Zukorlić sagte, der Kommandant der Polizei in Sjenica stehe in engem Kontakt mit den Kriminellen und habe die Ermittlungen gegen Latovic bewusst verlangsamt.

Also, Leute, die es wagen, einen Mann zu erschießen, weil er sie in Sjenicke zeitung etwas herausgerufen hat – kann also auf diese Weise etwas schlimmer und brutaler sein? Nun, ein Helikopter sollte sofort abheben, das ganze Land musste abheben und dieser Mann musste sofort gefunden werden. Ich habe Vulin nicht angerufen, ich habe mit dem Präsidenten gesprochen. Nach 7-8 Tagen habe ich mich mit Minister Vulin getroffen, wir haben uns unterhalten, ich habe alles erklärt und ich habe sowohl vom Präsidenten als auch von Minister Vulin das Versprechen, dass besondere Maßnahmen ergriffen werden, aber der Polizeikommandant wird nicht ersetzt. Wissen Sie, dass es Beweise dafür gibt, dass dieser Mann ein Freund dieser kriminellen Bande ist? Er leiht sich Geld von ihnen. Ja, Polizeikommandant. Ich weiß nicht, ob es in Serbien einen anderen Ort gibt, an dem der Polizeikommandant seit 30 Jahren in dieser Position ist. Er ist allen nahe. Wissen Sie, was 30 Jahre sind? Es ist ein Mann, der mit allen kriminellen und anderen Machtstrukturen verbunden ist. Ich möchte nicht sagen, was nicht ist. Die Mörder stehen Rasims Gruppe nahe, und dieser Kommandant ist kriminalisiert, also ist der Mann ein notorischer Spieler. Ein Mann spielt, und dann benutzen ihn diese Banditen und leihen ihm Geld gegen Zinsen, dann kann er es nicht zurückzahlen, also borgt er sich Geld von anderen und erpresst es und gibt es ihnen zurück und so weiter. Sie finden es seltsam, dass ich in diesem Staat, meinem Staat, Probleme lösen möchte, ist Ihnen das fremd? Soll ich Sandschak als separaten Teil behandeln und alleine verwalten, oder was? Was erzählst du mir? Natürlich werde ich mich an die staatlichen Behörden wenden. Ich bin nicht in der Exekutive, ich bin in der Legislative. Und die Tatsache, dass ich mit 4 Abgeordneten in der Legislative bin – also sagen Sie mir nicht, dass ich das Land regiere, seien Sie nicht bösartig. Ich habe 4 Stellvertreter im Verhältnis zu 250. Ich bin ein Partner, weil ich sage, dass ich es nicht destruktiv tun möchte, um zu kollidieren, zu kollidieren und die ohnehin schwierige Situation irgendwie zu verschlimmern. Ich möchte konstruktiv sein, aber das bedeutet nicht, dass ich jetzt alles, was falsch ist, begrüße.

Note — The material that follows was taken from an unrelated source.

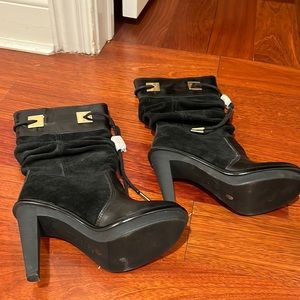 Hi i’m selling Michael Kors size 6M new boots for $150.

ZukorliĆ sagte, dass er verlangt, dass der Kampf gegen das Verbrechen, das in Belgrad begonnen hat, in Novi Pazar und Sjenica angewendet wird und dass die Menschen, die Rasim Ljajic nahe stehen, nicht verschont werden. Er erinnerte an mehrere Morde und Attentate bei einem Anschlag von Angehörigen der SDP.